We created this notebook with python ([pandas](http://pandas.pydata.org/)) and visualization toolboxs ([plotly](https://plot.ly/python/), [squarify](https://github.com/laserson/squarify)). And I obtained the geo information of Ecuador from [VictorGrobberio](https://www.kaggle.com/victorgrobberio/datasets), and it enables us to put sales data onto the map of Ecuador, which makes analysis much more intuitive. 

**Here is my [LinkedIn](https://www.linkedin.com/in/botao-deng-9a632a104/) profile, and if you wanted a discussion with regard to the content of this notebook, feel free to connect. BTW, I'm open to data-related position for now, so if you think I can contribute to your company after reading this notebook, please let me know. :)**

# Data <a id='data)'></a>

There are five supplementary files in this challenge, and each of them provided information below([source](https://www.kaggle.com/c/favorita-grocery-sales-forecasting/data)):

 `stores.csv:` Metadata of a store, including the `city` , `state`, `type` and `cluster` it belongs to.
 
 `transactions.csv:` The count of sales transactions for each date and each store.
 
 `oil.csv:` Daily oil price. Includes values during both the train and test data timeframe. (Ecuador is an oil-dependent country and it's economical health is highly vulnerable to shocks in oil prices.)
 
 `items.csv:` Metadata of an item. including which `family` and `class` it belongs to and if it's `perishable` or not.
 
 `holidays_events.csv:` Holidays in Ecuador.

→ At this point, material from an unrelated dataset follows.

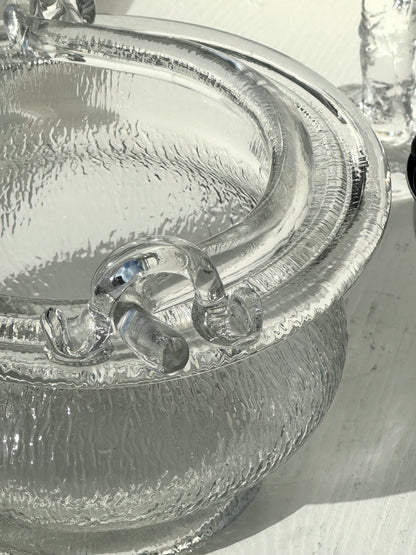 Ice bucket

Some holidays can be transferred to another day (possibly from weekend to weekday)

# Preparations <a id='preparation'></a>

In [None]:
import pandas as pd
import numpy as np
import plotly.graph_objs as go
import plotly.tools as tls
import plotly.plotly as py
import plotly.offline as py
import squarify
import seaborn as sns
import geojson
import IPython.display

py.init_notebook_mode(connected=True)

In [None]:
items = pd.read_csv('../input/favorita-grocery-sales-forecasting/items.csv')
holiday = pd.read_csv("../input/favorita-grocery-sales-forecasting/holidays_events.csv")
stores = pd.read_csv("../input/favorita-grocery-sales-forecasting/stores.csv")
oil = pd.read_csv("../input/favorita-grocery-sales-forecasting/oil.csv")
transaction = pd.read_csv("../input/favorita-grocery-sales-forecasting/transactions.csv", parse_dates=['date'])
train = pd.read_csv("../input/favorita-grocery-sales-forecasting/train.csv", nrows=6000000, parse_dates=['date'])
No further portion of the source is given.